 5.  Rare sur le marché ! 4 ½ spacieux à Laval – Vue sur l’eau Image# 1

- - - - -

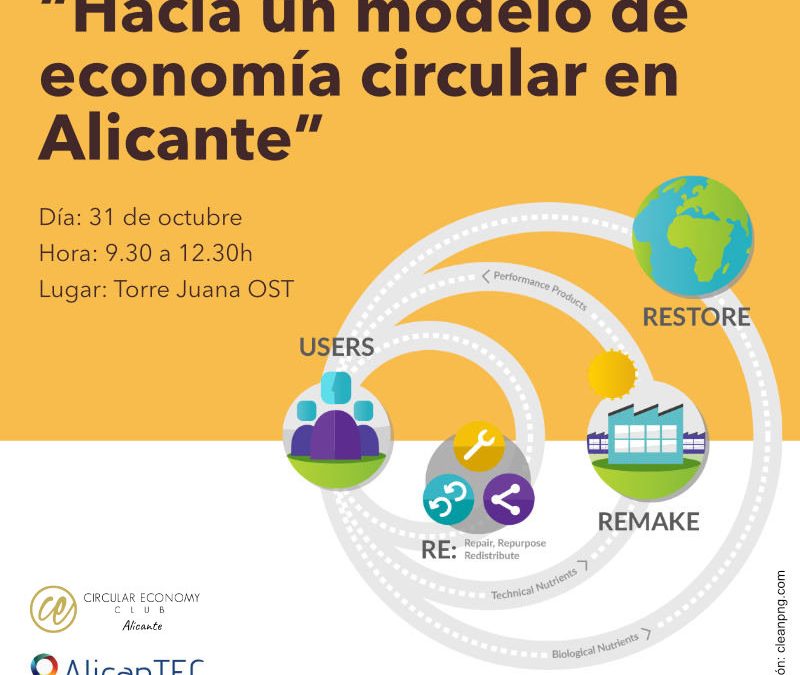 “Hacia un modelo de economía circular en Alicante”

- - - - -

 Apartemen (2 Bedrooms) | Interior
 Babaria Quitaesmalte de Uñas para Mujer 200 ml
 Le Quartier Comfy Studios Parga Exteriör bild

- - - - -

▶ **What is required**
Transcribe the records above from the line holding "Apartemen (2 Bedrooms) | Interior" down to the line holding "Le Quartier Comfy", inclusive, without adding anything.

▶ **Solution to this problem**
 Apartemen (2 Bedrooms) | Interior
 Babaria Quitaesmalte de Uñas para Mujer 200 ml
 Le Quartier Comfy Studios Parga Exteriör bild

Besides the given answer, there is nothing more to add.